▶ Work item
Retype the entries exactly, keeping every line intact.

▶ Data extract
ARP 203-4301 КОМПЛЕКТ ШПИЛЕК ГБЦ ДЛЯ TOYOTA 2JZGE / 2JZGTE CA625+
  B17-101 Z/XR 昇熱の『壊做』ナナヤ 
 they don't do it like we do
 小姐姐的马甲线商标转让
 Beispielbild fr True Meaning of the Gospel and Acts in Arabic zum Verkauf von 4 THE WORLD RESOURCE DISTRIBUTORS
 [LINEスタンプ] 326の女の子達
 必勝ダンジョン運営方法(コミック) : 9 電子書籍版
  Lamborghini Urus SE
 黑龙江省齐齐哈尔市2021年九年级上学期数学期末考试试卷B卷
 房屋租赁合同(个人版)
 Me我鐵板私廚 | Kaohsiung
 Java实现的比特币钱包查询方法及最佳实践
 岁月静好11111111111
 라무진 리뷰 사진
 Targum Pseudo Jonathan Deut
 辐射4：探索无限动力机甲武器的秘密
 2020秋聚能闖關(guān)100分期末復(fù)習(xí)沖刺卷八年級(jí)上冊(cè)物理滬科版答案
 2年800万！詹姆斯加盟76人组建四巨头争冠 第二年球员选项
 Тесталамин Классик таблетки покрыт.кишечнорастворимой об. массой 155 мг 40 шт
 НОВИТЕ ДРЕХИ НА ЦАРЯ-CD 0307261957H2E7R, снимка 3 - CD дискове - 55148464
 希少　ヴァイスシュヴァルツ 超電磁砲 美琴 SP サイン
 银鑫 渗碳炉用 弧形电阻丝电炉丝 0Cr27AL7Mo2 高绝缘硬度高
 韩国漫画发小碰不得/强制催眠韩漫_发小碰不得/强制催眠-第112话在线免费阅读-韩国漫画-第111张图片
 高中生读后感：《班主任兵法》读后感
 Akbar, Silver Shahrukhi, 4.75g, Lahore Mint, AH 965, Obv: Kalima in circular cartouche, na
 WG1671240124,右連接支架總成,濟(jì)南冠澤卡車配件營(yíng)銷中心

▶ Worked solution
ARP 203-4301 КОМПЛЕКТ ШПИЛЕК ГБЦ ДЛЯ TOYOTA 2JZGE / 2JZGTE CA625+
  B17-101 Z/XR 昇熱の『壊做』ナナヤ 
 they don't do it like we do
 小姐姐的马甲线商标转让
 Beispielbild fr True Meaning of the Gospel and Acts in Arabic zum Verkauf von 4 THE WORLD RESOURCE DISTRIBUTORS
 [LINEスタンプ] 326の女の子達
 必勝ダンジョン運営方法(コミック) : 9 電子書籍版
  Lamborghini Urus SE
 黑龙江省齐齐哈尔市2021年九年级上学期数学期末考试试卷B卷
 房屋租赁合同(个人版)
 Me我鐵板私廚 | Kaohsiung
 Java实现的比特币钱包查询方法及最佳实践
 岁月静好11111111111
 라무진 리뷰 사진
 Targum Pseudo Jonathan Deut
 辐射4：探索无限动力机甲武器的秘密
 2020秋聚能闖關(guān)100分期末復(fù)習(xí)沖刺卷八年級(jí)上冊(cè)物理滬科版答案
 2年800万！詹姆斯加盟76人组建四巨头争冠 第二年球员选项
 Тесталамин Классик таблетки покрыт.кишечнорастворимой об. массой 155 мг 40 шт
 НОВИТЕ ДРЕХИ НА ЦАРЯ-CD 0307261957H2E7R, снимка 3 - CD дискове - 55148464
 希少　ヴァイスシュヴァルツ 超電磁砲 美琴 SP サイン
 银鑫 渗碳炉用 弧形电阻丝电炉丝 0Cr27AL7Mo2 高绝缘硬度高
 韩国漫画发小碰不得/强制催眠韩漫_发小碰不得/强制催眠-第112话在线免费阅读-韩国漫画-第111张图片
 高中生读后感：《班主任兵法》读后感
 Akbar, Silver Shahrukhi, 4.75g, Lahore Mint, AH 965, Obv: Kalima in circular cartouche, na
 WG1671240124,右連接支架總成,濟(jì)南冠澤卡車配件營(yíng)銷中心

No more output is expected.